*INPUT*
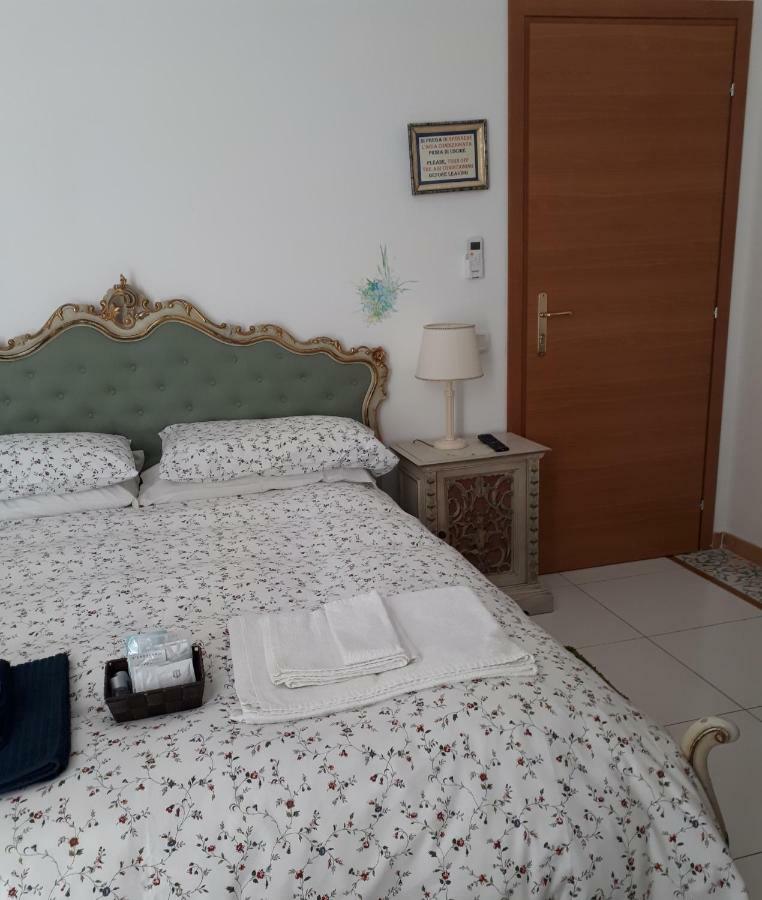 Miracoletti38 Hotel Naples Luaran gambar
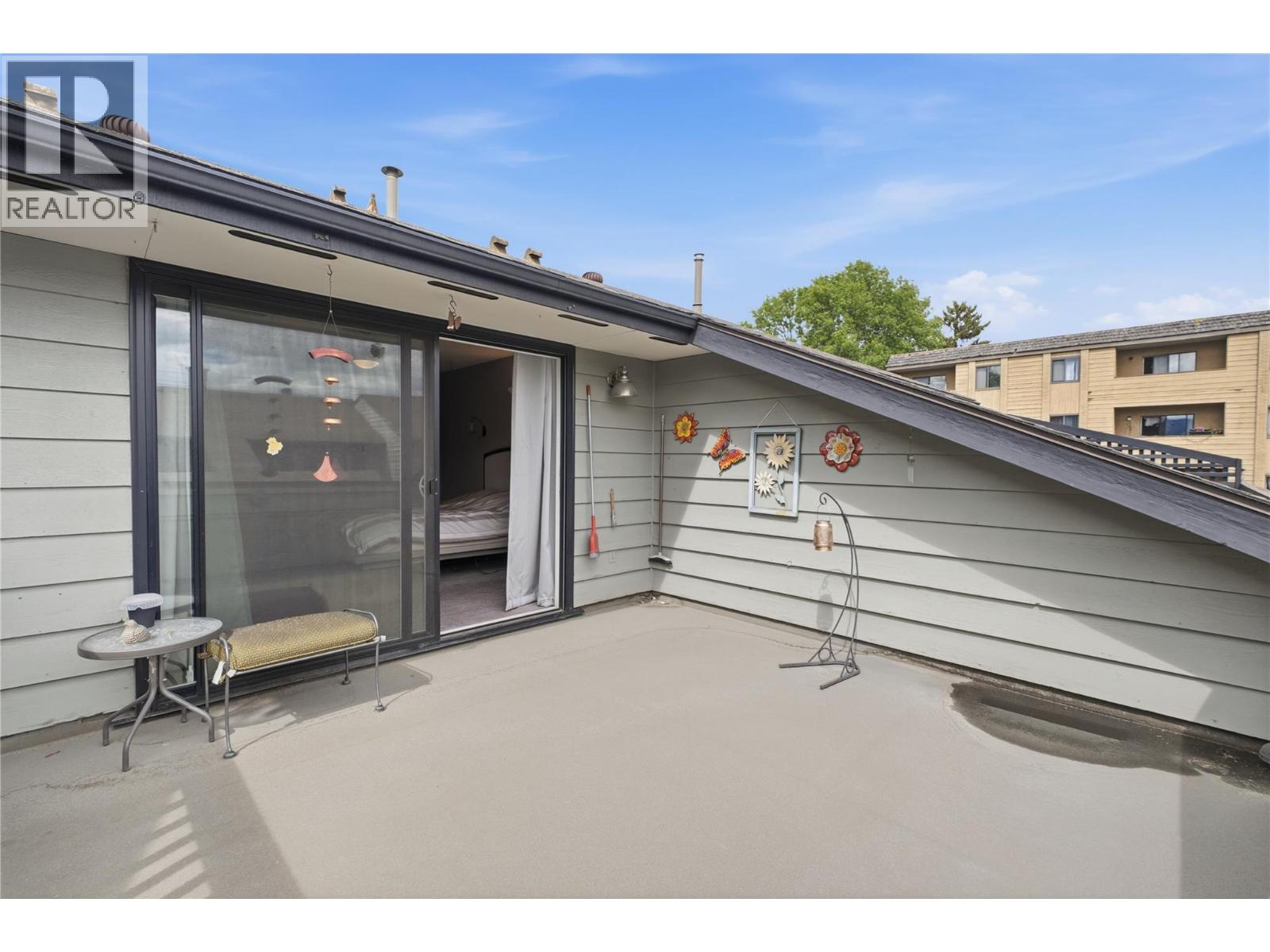 #115 1050 SPRINGFIELD Road - 30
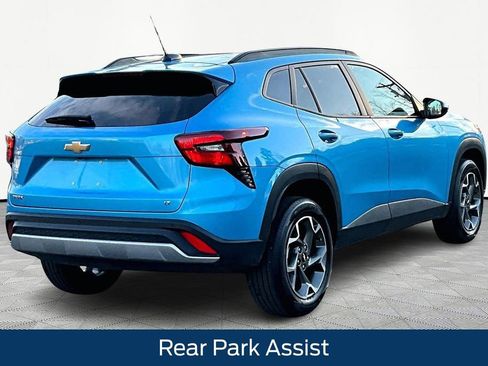 Certified 2025 Chevrolet Trax LT w/ Driver Confidence Package image 9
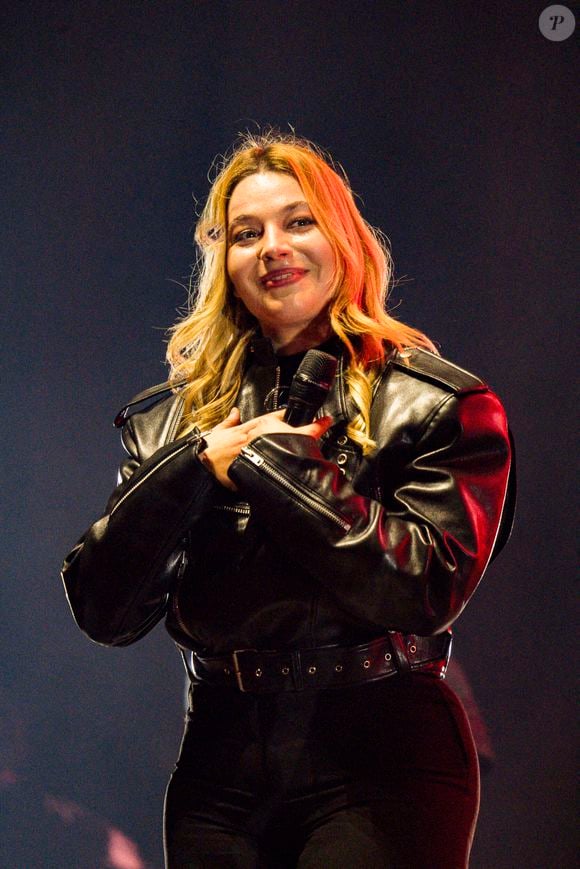 Cyril Féraud a en effet révélé que la chanteuse de 34 ans avait fait un don conséquent en toute discrétion.

Santa - Les artistes se produisent lors du concert "Scoop Live" de Radio Scoop à la LDLC Arena de Décines près de Lyon, le 25 février 2025.
© Sandrine Thesillat / PsnewZ / Bestimage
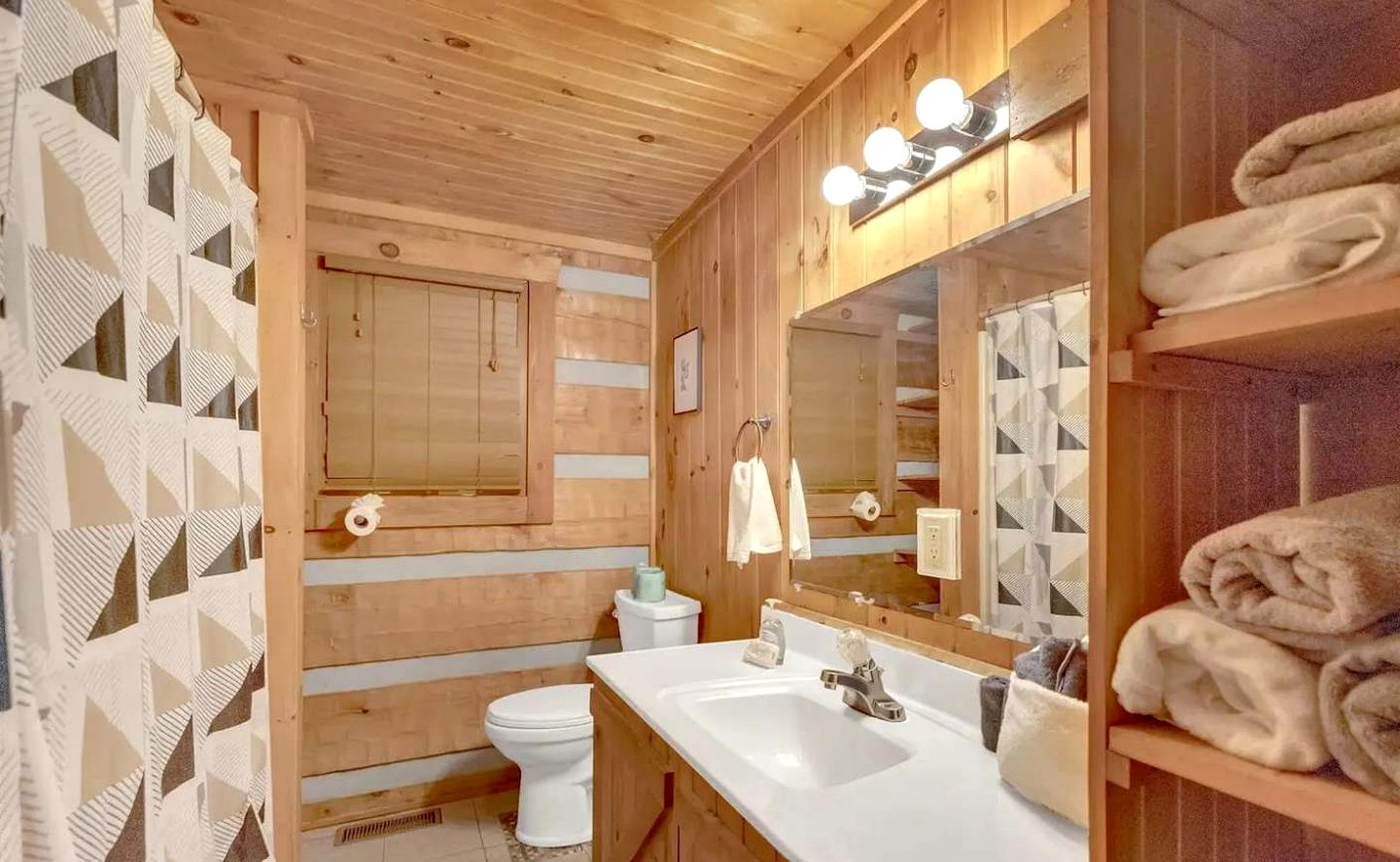 Spacious Luxury Log Cabin with Game Room & Panoramic Mountain Views near Pigeon Forge, Tennessee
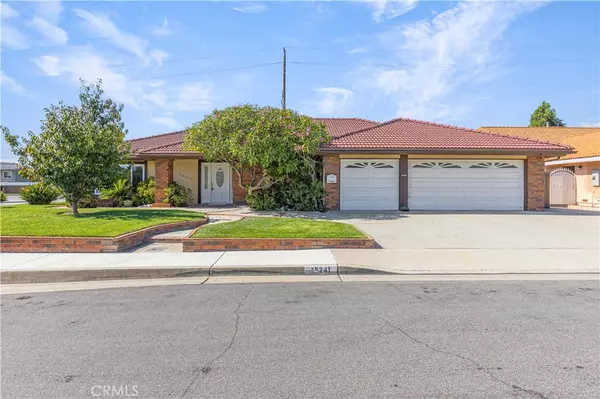 Fountain Valley, CA 92708,18241 Devonwood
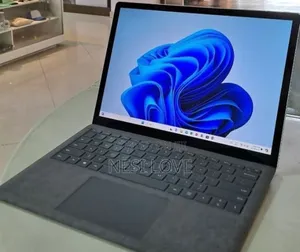 New Laptop Microsoft Surface 16GB Intel Core I7 SSD 512GB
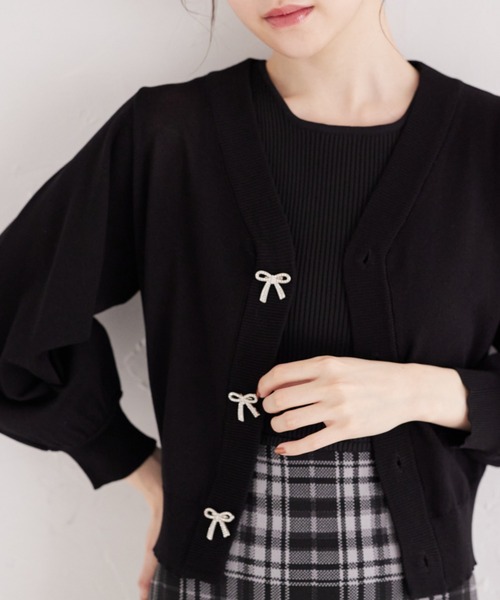 tocco closet(トッコ クローゼット)の「取り外し可能なビジューリボン付きカーディガン(カーディガン/ボレロ・レディース・ブラック/ホワイト/ピンク・M)」の1枚目の写真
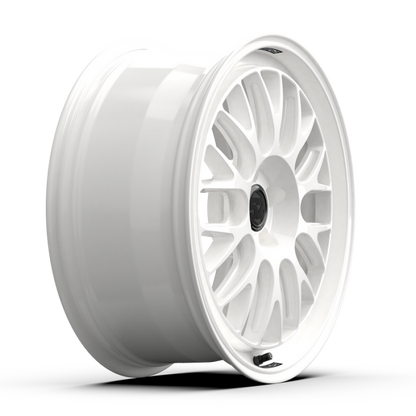 fifteen52 Holeshot RSR 19x9.5 5x114.3 ET38 Rally White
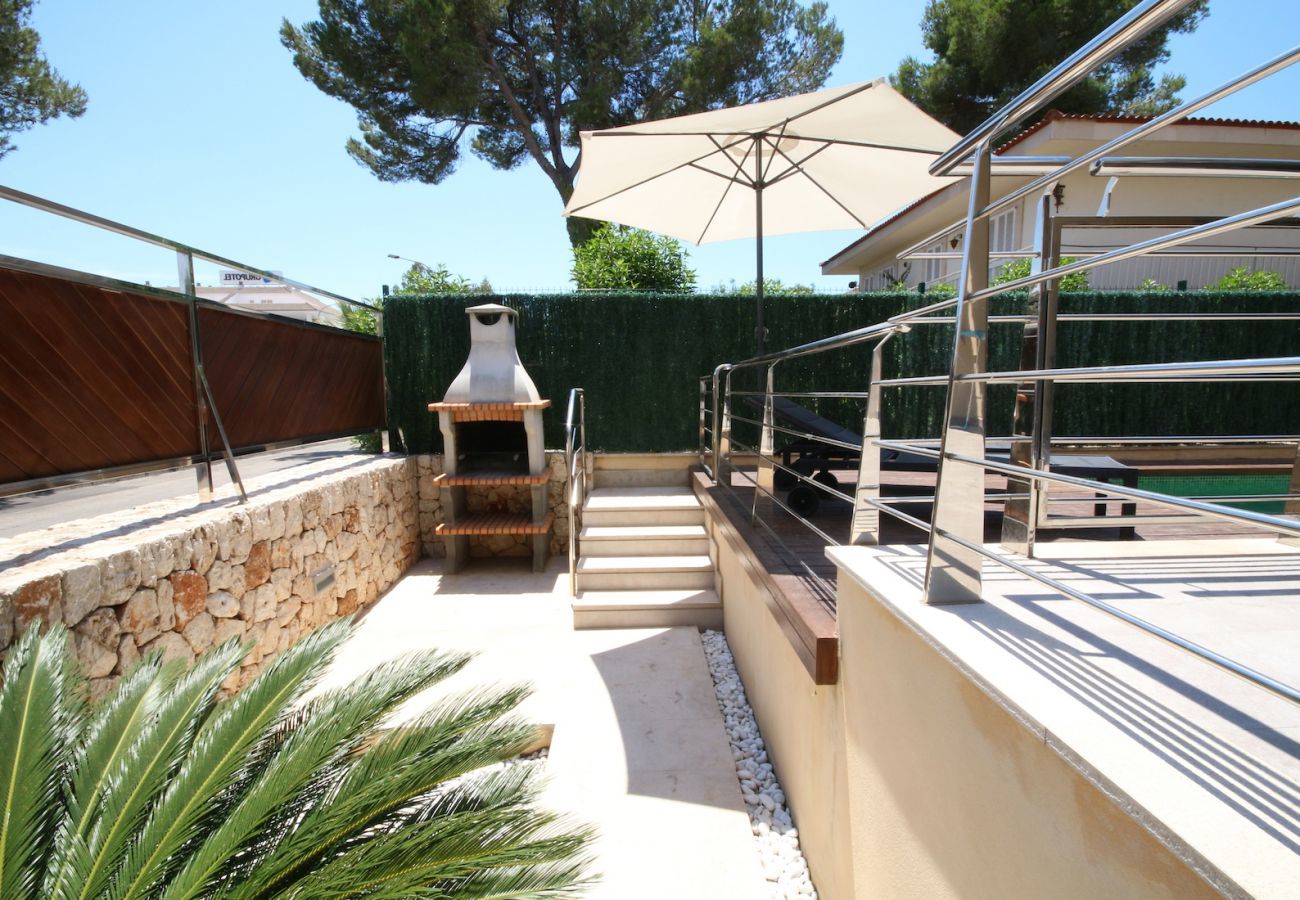House with pool for 6 people in Playa de Muro, Mallorca. 3 double bedrooms, 2 bathrooms, guest WC, private pool and barbecue, only 40 m from the sandy beach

*ASSIGNMENT*
Give back the entire listing verbatim, without the pictures.

*SOLUTION BELOW*
 Miracoletti38 Hotel Naples Luaran gambar
 #115 1050 SPRINGFIELD Road - 30
 Certified 2025 Chevrolet Trax LT w/ Driver Confidence Package image 9
 Cyril Féraud a en effet révélé que la chanteuse de 34 ans avait fait un don conséquent en toute discrétion.

Santa - Les artistes se produisent lors du concert "Scoop Live" de Radio Scoop à la LDLC Arena de Décines près de Lyon, le 25 février 2025.
© Sandrine Thesillat / PsnewZ / Bestimage
 Spacious Luxury Log Cabin with Game Room & Panoramic Mountain Views near Pigeon Forge, Tennessee
 Fountain Valley, CA 92708,18241 Devonwood
 New Laptop Microsoft Surface 16GB Intel Core I7 SSD 512GB
 tocco closet(トッコ クローゼット)の「取り外し可能なビジューリボン付きカーディガン(カーディガン/ボレロ・レディース・ブラック/ホワイト/ピンク・M)」の1枚目の写真
 fifteen52 Holeshot RSR 19x9.5 5x114.3 ET38 Rally White
House with pool for 6 people in Playa de Muro, Mallorca. 3 double bedrooms, 2 bathrooms, guest WC, private pool and barbecue, only 40 m from the sandy beach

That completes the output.